ARLINGTON, Texas — A couple of wisecracking Orioles couldn't help themselves when they watched Tommy Hunter against the dugout railing shaking hands with members of the Texas media or Chris Davis and Omar Quintanilla chatting with Rangers fans in the stands.

"Cut the cord," one player coughed into his glove.


"You're an Oriole now," another one jabbed.

Traveling to Texas is as much a homecoming as it is another tough road trip for the Orioles these days. Six Orioles on the 25-man roster — Davis, Hunter, Quintanilla, Darren O'Day, Taylor Teagarden and Pedro Strop — played for the Rangers at one point. Zach Britton, Lew Ford, O'Day, Davis, Teagarden and Quintanilla were born, grew up or still live in Texas.


Buck Showalter managed the Rangers and four of his coaches — John Russell, DeMarlo Hale, Rick Adair and Wayne Kirby — have ties to the organization.

"I think sometimes old guys like me, maybe we don't take that into perspective as much as we should," Showalter said of the importance of the homecoming. "The players, whether it is Chris or Darren or Petey or Tommy Hunter … it is something I think that means something to them. They are very proud of the time they've spent here and some of the great relationships they had."

There's also a flip side. The Rangers, to differing extents, gave up on the players, whether it was putting them on waivers or dealing them in a pennant push. Hunter, for instance, actually started a World Series game for the Rangers in 2010, but he was included in the July 2011 deadline deal, along with Davis, for reliever Koji Uehara.

"He certainly wasn't a guy we wanted to give up, but to get what we needed we had to give him up," Rangers manager Ron Washington said of Hunter. "He was in the learning process, and he's still learning. Once he figures it out, he's going to be a valuable piece."
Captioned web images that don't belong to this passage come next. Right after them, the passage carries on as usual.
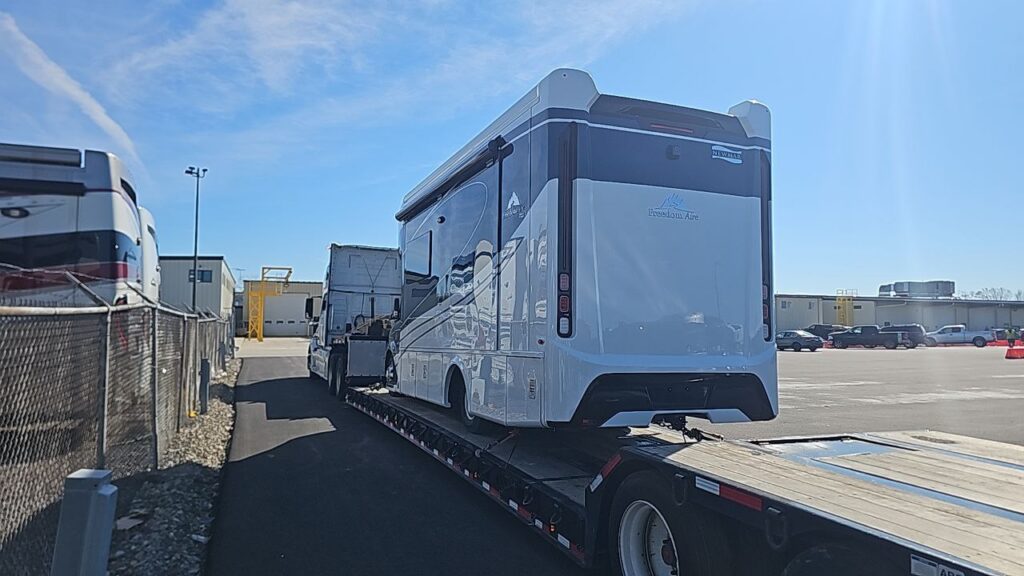 2025 Newmar Freedom Aire 2515 Motorhome
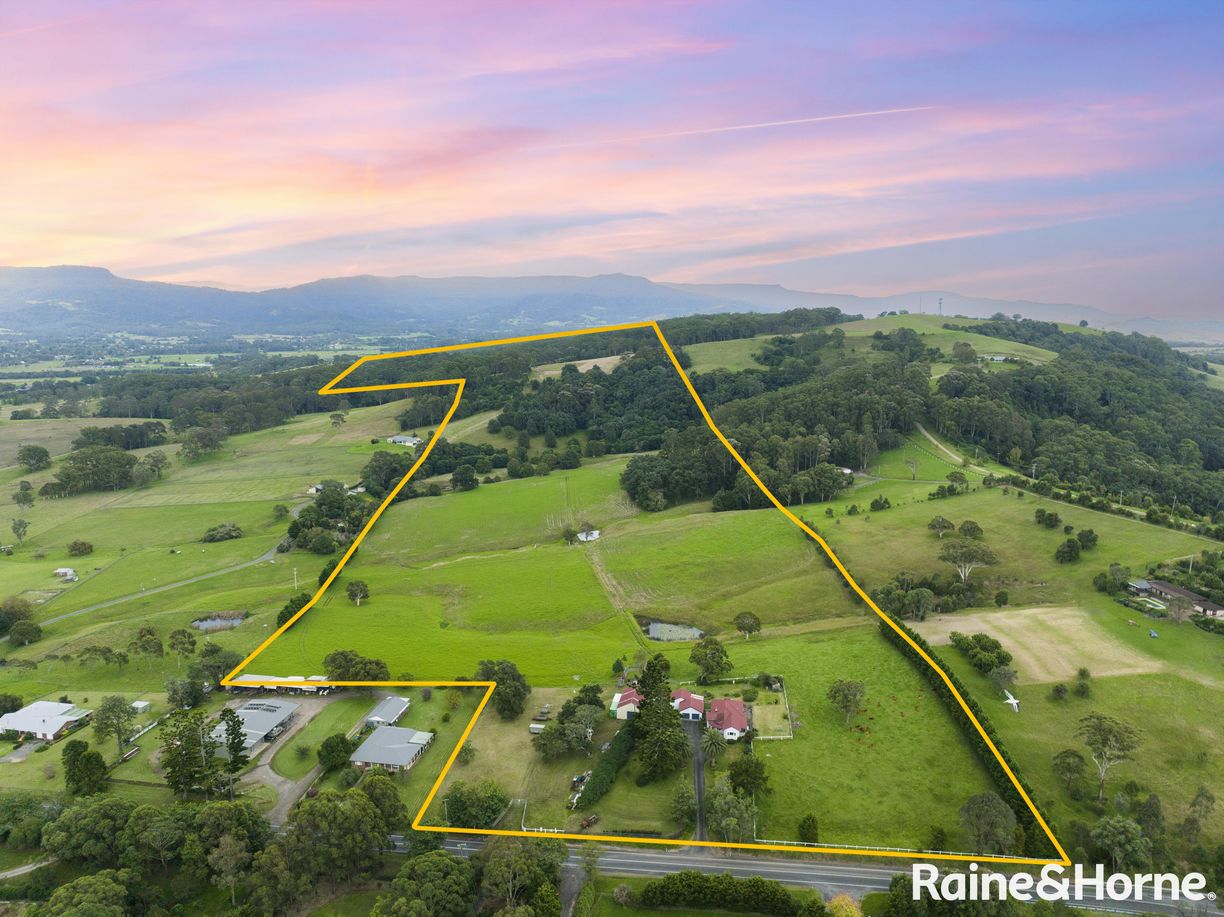 418 Coolangatta Road — photo from Raine & Horne Berry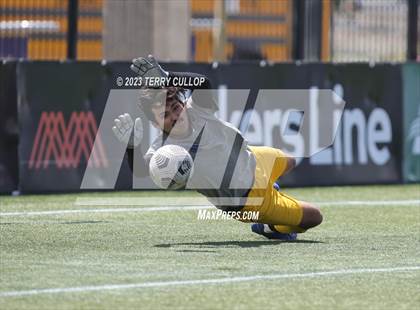 Thumbnail 1 in Skyridge vs. Pleasant Grove (UHSAA 6A Semifinal) photogallery.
Perhaps the best player the Orioles have received from the Rangers is Strop, who was involved in last year's Michael Gonzalez transaction. Strop pitched in 33 games in parts of three seasons with Texas, but he struggled with control and consistency. He has settled in with the Orioles and been one of the best set-up men in the American League.

Heading into Tuesday, Strop still hadn't pitched in Arlington since he came to the Orioles, so he said he wasn't sure how he'd feel once he took the mound against his old team.

"I won't know what it will be like until I get out there. I have a lot of friends over there, but when it is game time, it's game time. I don't care who is in there," Strop said. "To be honest, what I'm thinking, what is on my mind right now, is the Orioles going to the playoffs and to help hold this team together. If I put too much emphasis on, 'Oh, I was there. I want them to see how I'm pitching,' it might bring pressure to me that I don't want to get, I don't want to have. I want to relax and do what I've been doing."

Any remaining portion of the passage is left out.